Pour ma part, après avoir suivi ceux qui s’agitaient et qui me pressaient d’en faire autant, j’ai opté maintenant pour la voie de la discrétion.

Je le ressentais, en me forçant à  témoigner de ma foi à tout va, je vivais les choses à l’encontre de ma nouvelle nature.

On ne choisit pas son témoignage selon ses envies ou ses convictions.

Il ne s’agit pas ici d’un caractère naturel.

L’introverti choisirait la discrétion alors que l’extraverti, lui, opterait pour l’agitation.

Les deux ont tort. Les deux font en fonction de leur vieille nature.

L’esprit de Dieu, seul, influence en apportant la juste discrétion, lui seul accueille Dieu dans le respect.

L’écart avec ce qui est juste est comparable à cet exemple : C’est comme si nous enlevions nos chaussures pour pénétrer dans un lieu saint, alors que d’autres préfèrent y pénétrer en tapant des pieds avec leur godillots pour manifester leur sainteté et leur puissance.

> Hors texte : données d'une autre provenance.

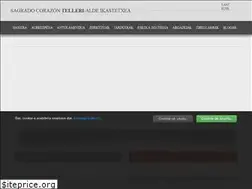 Sites similar to tellerialde.com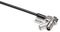 K64444WW - NanoSaver Keyed Laptop Cable Lock, 1.8m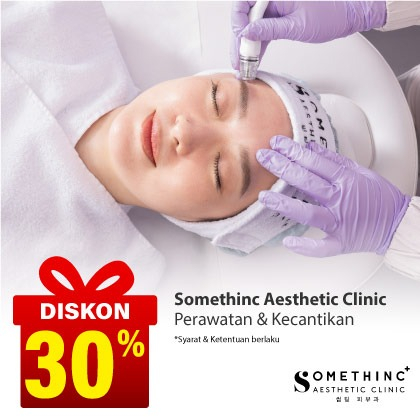 Special Offer SOMETHINC AESTHETIC CLINIC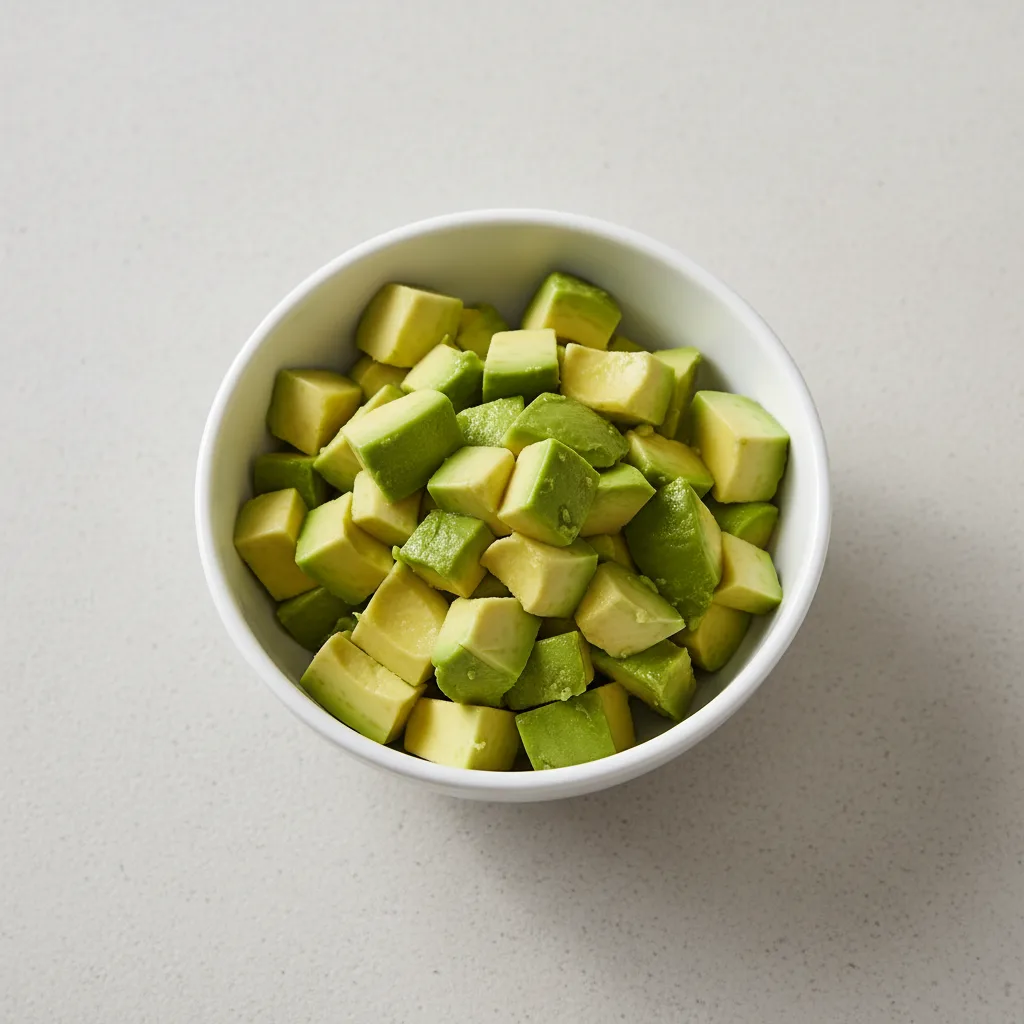 Avocado Avocado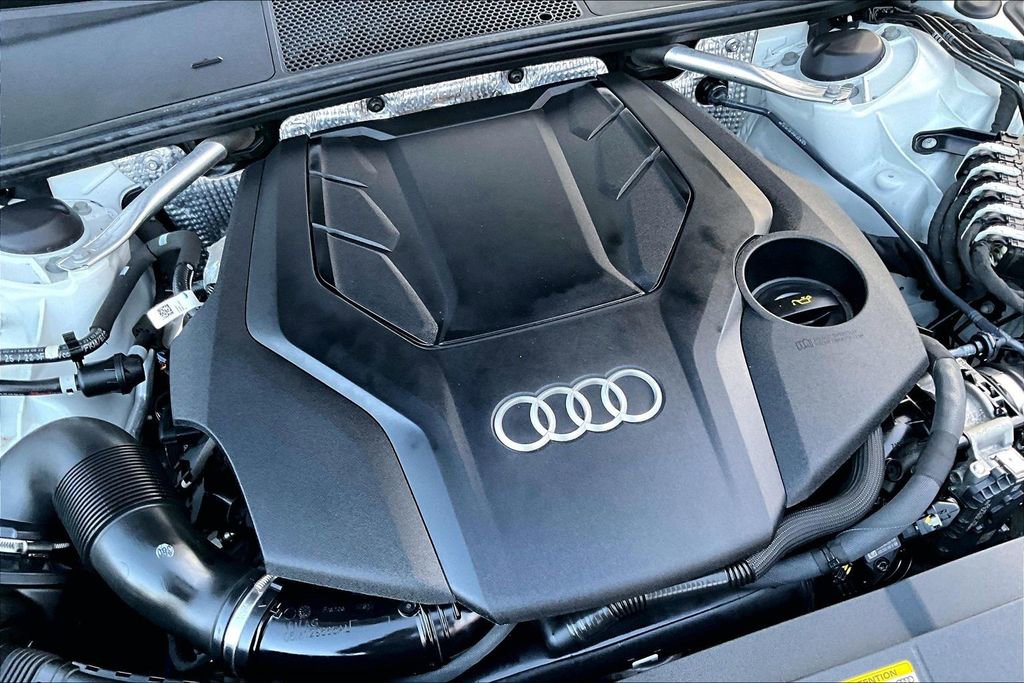 Certified 2023 Audi A6 3.0T Prestige w/ Prestige Package image 31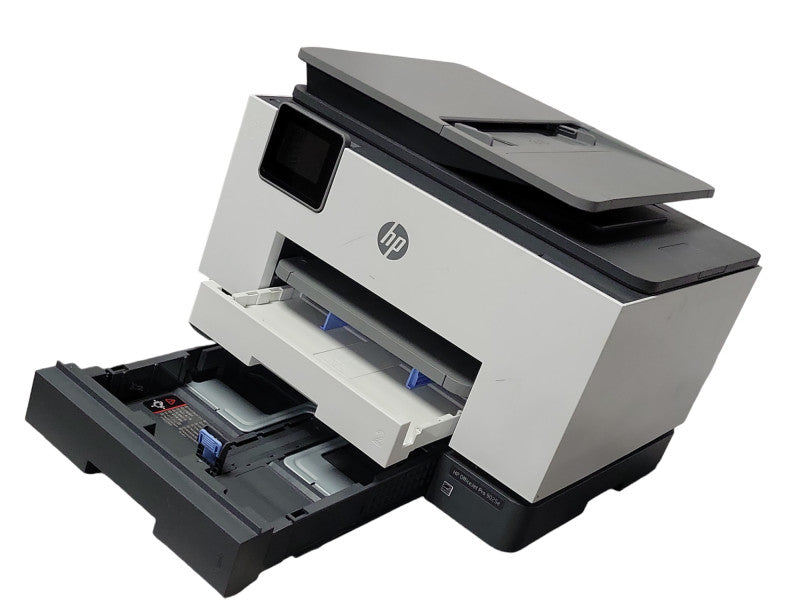 HP OfficeJet Pro 9025e Color Thermal Inkjet All-In-One Printer  _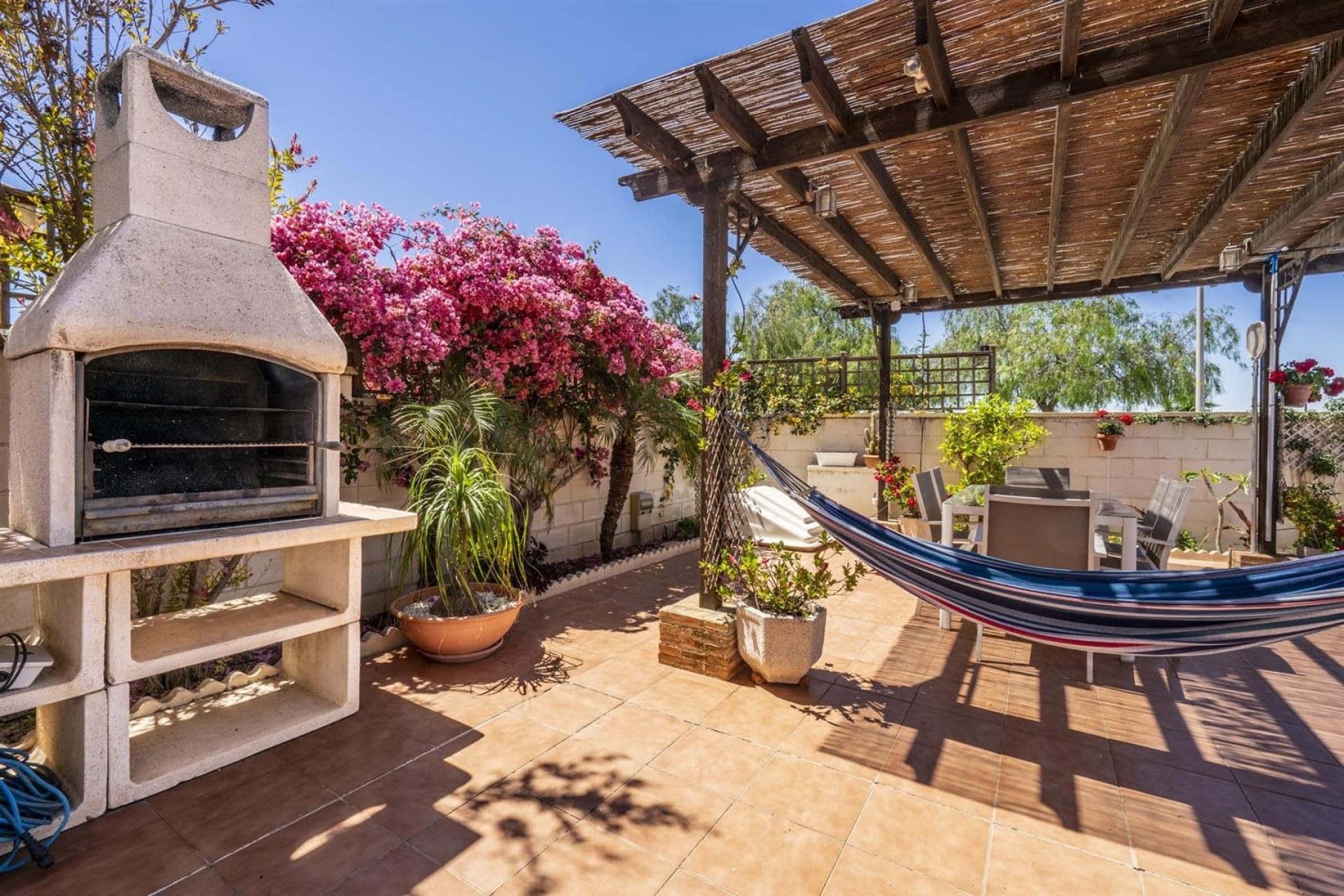 Revente - Villa Individuelle -
Sucina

Alors un fait est évident, la bonne nouvelle du salut se propage beaucoup plus par ceux qui transgressent les lois divines, que par les fidèles.

Plus Jésus se faisait discret, plus la foule se pressait pour le voir.

Les 4 cavaliers de l’Apocalypse sont la parfaite illustration de cette course au titre qu’est le salut.

Ceux qui veulent être saints par eux-mêmes sont persuadés que c’est une course de vitesse. Une course à la richesse, à la connaissance et à la gloire (c’est le sens du 666). Ils se disent en eux-mêmes : « Il faut vite être le premier, pour inspirer les autres à nous suivre ».

Et aujourd’hui les intentions n’ont pas changé, la réaction humaine est la même. Les prosélytes des Églises ont sonné de la trompette partout dans le monde.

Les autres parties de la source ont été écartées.